__Your goal__. Ignoring every picture, transcribe the data in full as it stands.

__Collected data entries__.
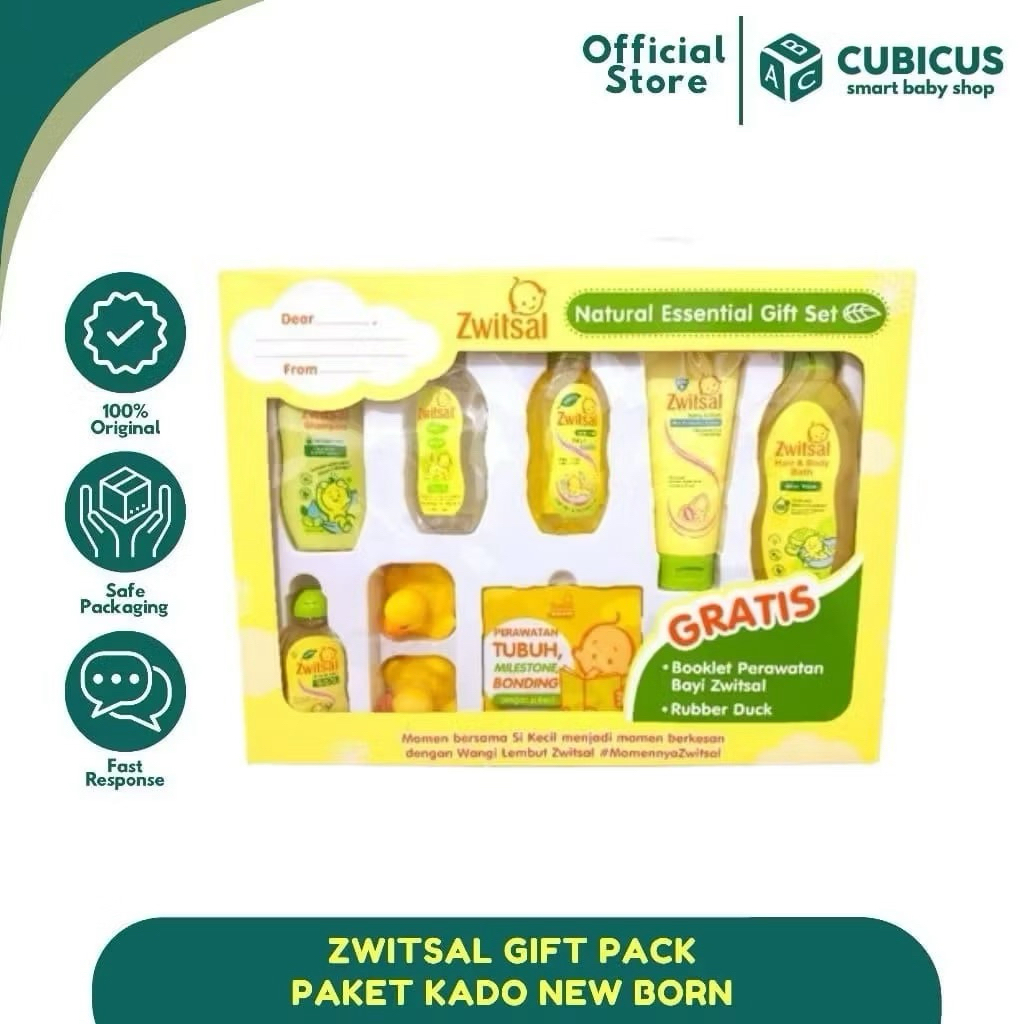 Zwitsal gift set hampers bayi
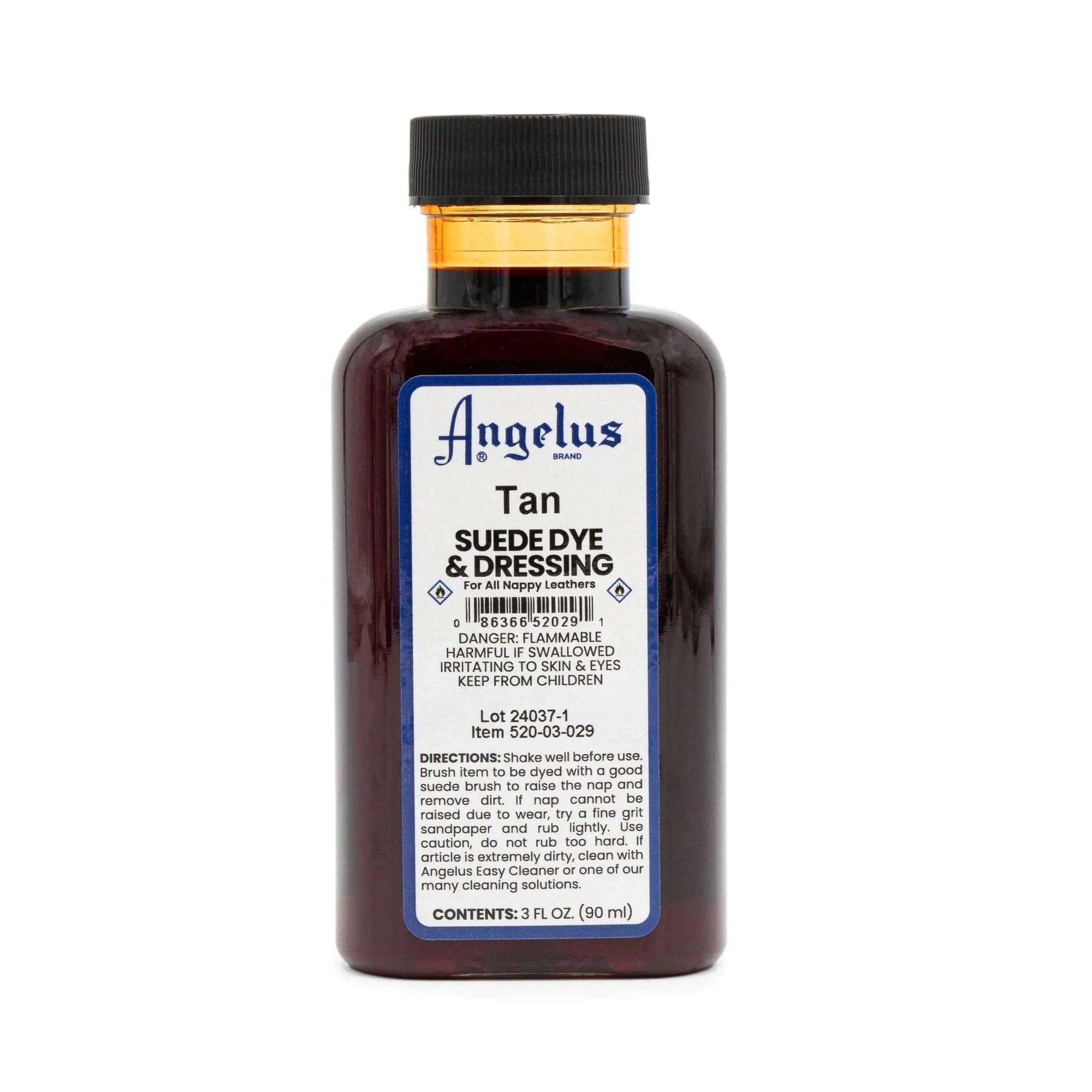 angelus-tan-suede-dye-3-oz-wildlederfarbe image 1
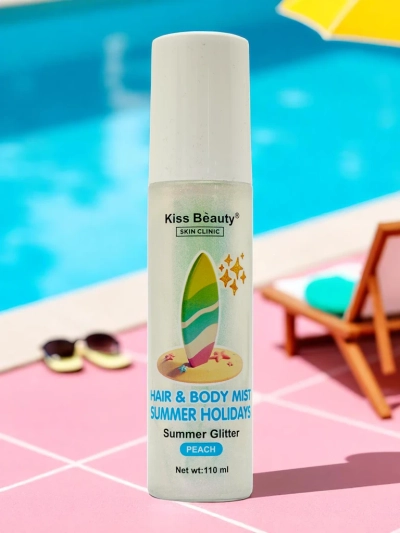 Summer Spray – Tekutý rozjasňovač na vlasy a telo Broskyňa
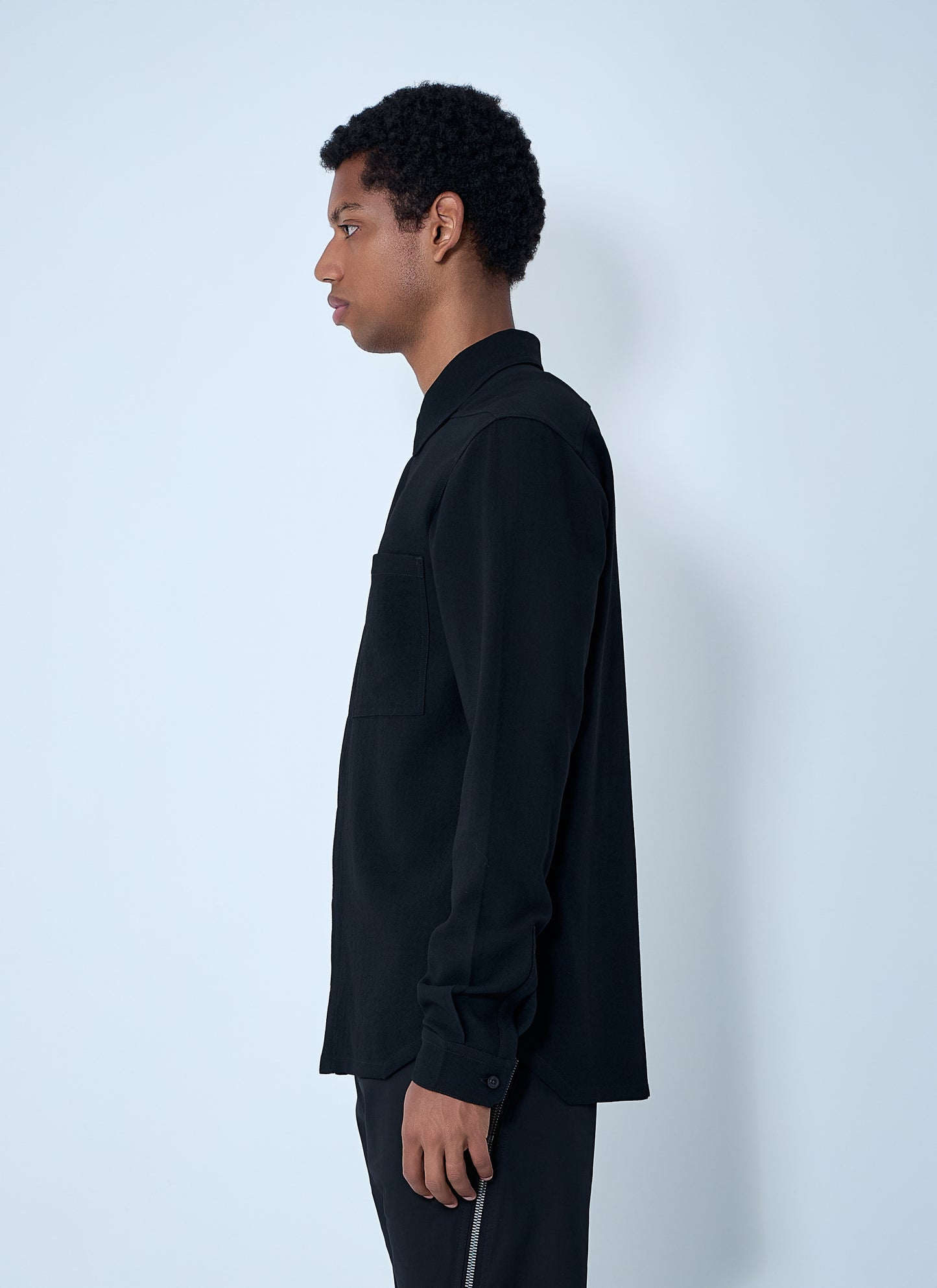 Rick Owens Men Work Shirt RICK OWENS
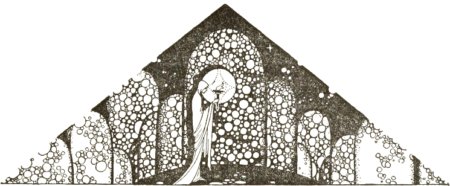 Decorative headpiece for The Pomegranate Seeds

__Written answer__.
 Zwitsal gift set hampers bayi
 angelus-tan-suede-dye-3-oz-wildlederfarbe image 1
 Summer Spray – Tekutý rozjasňovač na vlasy a telo Broskyňa
 Rick Owens Men Work Shirt RICK OWENS
 Decorative headpiece for The Pomegranate Seeds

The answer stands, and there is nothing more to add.